Considérant que ces pratiques peuvent avoir pour effet de limiter la concurrence sur le marché en privant de films " porteurs " des exploitants dont la compétitivité des salles n'est pas mise en cause par les distributeurs ; qu'ainsi à Lyon un exploitant indépendant, M. Adira, qui dispose de 7 salles, n'a obtenu de septembre 1986 à juin 1987 que 7 des 94 films distribués par AAA, AMLF, Gaumont et UGC pendant cette période et seulement 3 des 27 films " porteurs " de ces distributeurs ; que cette situation ne peut être principalement due à l'infériorité supposée de ses salles ou à la volonté des distributeurs ; que, bien au contraire, les déclarations extraites des procès-verbaux établis par le médiateur du cinéma et consignées au I de la présente décision établissent clairement la volonté des organismes de programmation de limiter la concurrence sur le marché en faisant obstacle à l'obtention, par cet exploitant indépendant, d'un certain nombre des films " porteurs " que leur ont confiés les distributeurs, sans qu'il soit établi que ces derniers aient été animés de la même volonté anti-concurrentielle ;

Considérant que, sans que le conseil entende se prononcer sur les procès-verbaux établis par le médiateur du cinéma lors de la procédure de conciliation à propos des différends opposant M. Malacarnet à UGC Diffusion, un organisme de programmation ne peut, sans enfreindre les règles de la libre concurrence, proposer ou imposer à un exploitant indépendant une majoration du prix des places en contrepartie de l'approvisionnement en films ;

Considérant que les pratiques susanalysées, qui ont pour effet d'entraver le jeu de la concurrence, ne sauraient être regardées comme résultant de l'application d'un texte législatif ou d'un texte réglementaire pris pour son application et que, notamment, la loi du 29 juillet 1982 et son décret d'application imposent aux ententes et aux groupements de programmation le respect des règles de concurrence ; qu'il n'est ni soutenu ni même allégué qu'elles aient pour effet de contribuer au progrès économique ; que dès lors elles n'entrent pas dans les prévisions de l'article 10 de l'ordonnance du 1er décembre 1986 ;

Considérant qu'il résulte de tout ce qui précède qu'il y a lieu de faire application de l'article 13 de l'ordonnance et que le plafond de la sanction applicable respectivement à chacun des trois groupements de programmation auxquels ont été notifiés des griefs, doit être déterminé en fonction du chiffre d'affaires hors taxes réalisé au cours de l'exercice 1990 tel qu'il a été communiqué par la direction générale de la concurrence, de la consommation et de la répression des fraudes ; qu'il convient de tenir compte, pour chacun de ces groupements, des incidences de son comportement sur le marché de l'exploitation des films et de sa capacité contributive,

Décide

Art. 1er : - Sont infligées les sanctions pécuniaires suivantes :

- au groupement d'intérêt économique UGC Diffusion 230 000 F ;

- au groupement d'intérêt économique Pathé Edeline et indépendants 250 000 F;

- à la société en commandite simple Gaumont associés et compagnie 200 000 F.

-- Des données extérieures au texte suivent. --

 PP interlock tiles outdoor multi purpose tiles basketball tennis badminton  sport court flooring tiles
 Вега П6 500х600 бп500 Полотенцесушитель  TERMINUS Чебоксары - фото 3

Art. 2. - Il est enjoint aux groupements d'intérêt économique UGC Diffusion et Pathé Edeline et indépendants ainsi qu'à la société Gaumont associés et compagnie :

1° De cesser d'exiger des distributeurs, en contrepartie de la programmation de films dans l'agglomération parisienne, la

concession de l'exclusivité au bénéfice de salles de leur réseau situées en province ;

2° De s'abstenir de proposer ou d'imposer aux exploitants indépendants une modification du prix des places en contrepartie de l'approvisionnement en films.

Art. 3. - Dans un délai de deux mois suivant sa notification, le texte intégral de la présente décision sera publié, à frais communs, par les deux groupements d'intérêt économique et par la société mentionnés à l'article 1er, dans Les Echos, La Tribune de L'Expansion, Le Progrès de Lyon, Le Dauphiné libéré et Le Film français.

Ces publications seront précédées de la mention " Décision du Conseil de la concurrence du 29 octobre 1991 relative à la situation de la concurrence sur le marché de l'exploitation des films dans les salles de cinéma ".